It did with a thud. “He didn’t know she was dead?”
“Eventually he remembered.” Maybe Van kept stopping because he didn’t know what to say. She didn’t know what to say. Of all the scenarios she’d imagined drawing her home, this was the one she really hadn’t wanted to face. “I’m sorry,” Van said.
“How bad is he?” Her grandmother had died after battling Alzheimer’s disease. Her father had deeply feared a similar fate. “Is this a one-night problem, or could it be my grandmother’s illness?”
“I don’t know.” Van’s weariness scared her more than his words.
“Mommy?”
“Everything’s all right.” Straightening, she yanked the frying pan off the burner and spoke firmly, to comfort her child and to keep Van from guessing she was talking to a little one.
Hope, who’d been through too much, misunderstood and ran to her room. Cassie followed her into the hall. She couldn’t explain Van to Hope or her to him.
“I have to come home.” She’d been raised by a loving mother and a responsible father who’d taught her to think of others. Rarely had she been selfish in her life—not because she was noble, but because her parents had never accepted such behavior.
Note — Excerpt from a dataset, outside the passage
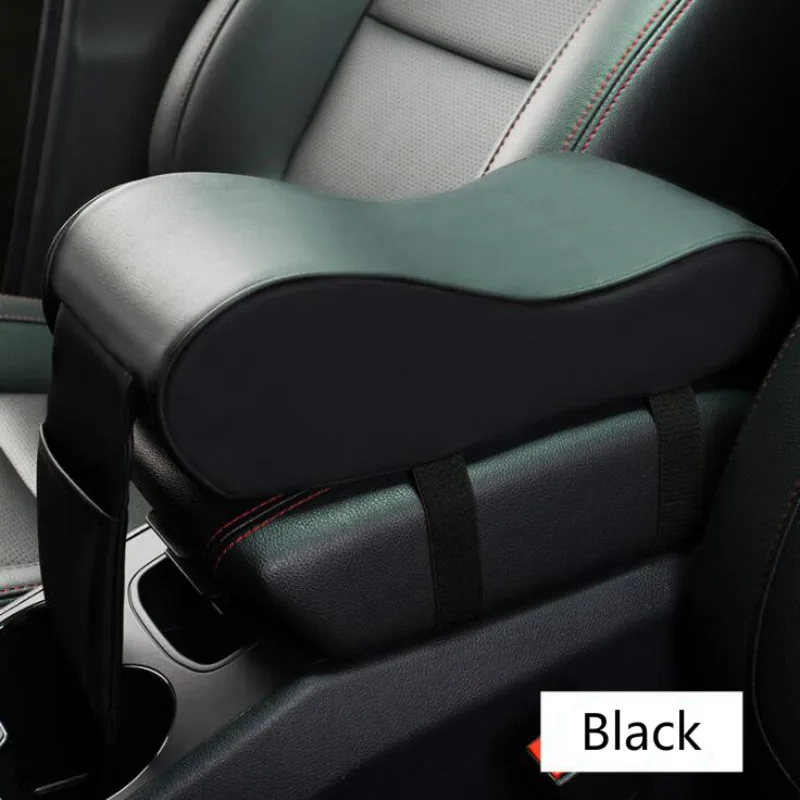 Кожаный Автомобильный центральный подлокотник черный авто центральная консоль подлокотник сиденье коробка Коврик Подушка Чехол для автомобиля защитный Стайлинг - Название цвета: Black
But—home?
She’d dreaded this day for five years, had felt it threatening like a bag of bricks hanging over her head.
She pulled herself together. “I’m coming.”
“I can take care of him.” Van stopped again.
“How?” she asked. “You’re not his next of kin. You’re not even family anymore.”
His breathing deepened. How could she possibly hurt him after all this time?
“I’m sorry,” she said.
“No, you’re right. It was crazy to offer. Not long after you left, he also told me to stay away. But I thought maybe that was an excuse I was happy to take.”
“I don’t want to know—” It was too late to catch up on what had happened after she’d left. The time they’d shared had belonged to someone else. It didn’t feel like hers any longer. “I’ll be on my way as soon as I can get a flight.”
“Wait, Cassie. Let me pick you up at the airport.”
So she could explain Hope at baggage claim? Not a chance. “I’ll be fine.”
His silence ran thick, full of words unsaid. Their relationship had ended unnaturally when she’d walked away, but she hadn’t been willing to wait for the usual recriminations and anger. The rape had humiliated Van and her father. She’d hated them both until she realized she’d never love Hope while she nourished bitterness.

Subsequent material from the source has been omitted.